Jacques Kruyswijk (born 16 October 1992) is a South African professional golfer who plays on the European Tour and Sunshine Tour. He won the 2016 Cape Town Open.

Amateur career
Kruyswijk enjoyed a stellar career as an amateur and won the Royal Silver Vase in 2011.

He represented Limpopo Province between 2005 and 2012. In 2011 he was nominated as the SA IPT Player of the Year. He recorded six victories on the IGT Tour.

Professional career
Kruyswijk turned professional in January 2013 after he finished 7th in the 	2013 Sunshine Tour Q-School. He recorded his first professional victory in his rookie season in an event on the Big Easy Tour. In 2015 he received attention at a Vodacom Origins of Golf event when he got a one shot penalty after whacking his ball off a tree then into his most sensitive area.

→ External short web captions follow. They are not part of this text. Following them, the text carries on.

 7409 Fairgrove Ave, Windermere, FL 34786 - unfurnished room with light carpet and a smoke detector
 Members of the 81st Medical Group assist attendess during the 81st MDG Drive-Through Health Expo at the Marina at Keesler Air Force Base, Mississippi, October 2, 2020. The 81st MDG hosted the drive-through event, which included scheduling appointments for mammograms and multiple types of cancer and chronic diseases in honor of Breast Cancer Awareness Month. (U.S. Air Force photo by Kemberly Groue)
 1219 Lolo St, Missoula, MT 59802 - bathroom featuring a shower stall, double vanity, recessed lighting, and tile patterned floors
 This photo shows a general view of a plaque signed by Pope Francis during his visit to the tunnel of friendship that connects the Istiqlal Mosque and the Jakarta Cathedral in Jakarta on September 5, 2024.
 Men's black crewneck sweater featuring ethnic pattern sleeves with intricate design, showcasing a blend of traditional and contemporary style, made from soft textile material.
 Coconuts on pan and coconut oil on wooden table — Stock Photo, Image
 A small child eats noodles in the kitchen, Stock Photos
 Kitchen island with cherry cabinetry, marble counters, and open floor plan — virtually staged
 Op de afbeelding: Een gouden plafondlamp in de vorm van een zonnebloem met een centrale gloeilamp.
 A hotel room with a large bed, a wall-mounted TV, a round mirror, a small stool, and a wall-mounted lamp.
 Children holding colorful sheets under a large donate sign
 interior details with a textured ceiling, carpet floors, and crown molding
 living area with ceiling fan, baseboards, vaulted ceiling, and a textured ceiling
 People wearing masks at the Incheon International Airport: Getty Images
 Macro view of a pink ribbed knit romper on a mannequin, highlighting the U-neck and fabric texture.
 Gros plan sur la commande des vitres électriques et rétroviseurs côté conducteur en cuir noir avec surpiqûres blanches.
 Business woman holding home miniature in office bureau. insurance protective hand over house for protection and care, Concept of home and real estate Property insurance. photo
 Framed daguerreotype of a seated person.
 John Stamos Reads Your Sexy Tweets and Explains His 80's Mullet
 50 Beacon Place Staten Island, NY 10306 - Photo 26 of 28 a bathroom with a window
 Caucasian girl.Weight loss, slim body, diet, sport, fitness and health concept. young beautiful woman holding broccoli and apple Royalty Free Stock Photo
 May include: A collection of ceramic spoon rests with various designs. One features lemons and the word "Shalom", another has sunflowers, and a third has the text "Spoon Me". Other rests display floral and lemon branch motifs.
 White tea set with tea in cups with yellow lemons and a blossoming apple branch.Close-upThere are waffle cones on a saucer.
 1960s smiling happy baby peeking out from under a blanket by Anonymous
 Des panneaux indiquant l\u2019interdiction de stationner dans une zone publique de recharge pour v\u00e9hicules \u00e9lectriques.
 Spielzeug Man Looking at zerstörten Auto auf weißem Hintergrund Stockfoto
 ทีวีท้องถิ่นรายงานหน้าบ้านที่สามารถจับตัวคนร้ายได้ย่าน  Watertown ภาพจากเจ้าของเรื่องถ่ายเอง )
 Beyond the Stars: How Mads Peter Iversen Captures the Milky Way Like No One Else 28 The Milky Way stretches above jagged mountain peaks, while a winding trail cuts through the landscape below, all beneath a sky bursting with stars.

On the 2016–17 Sunshine Tour he won the Lion of Africa Cape Town Open in November and tied for 4th at the Joburg Open in February. He finished 11th on the Order of Merit. On the 2017–18 Sunshine Tour he tied for 4th at the South African Open and again finished 11th on the Order of Merit.

Kruyswijk joined the European Tour in 2017 after finishing tied second among the 2017 European Tour Qualifying School graduates.

In 2020, his best results were 3rd-place finishes at the Eye of Africa PGA Championship and Limpopo Championship.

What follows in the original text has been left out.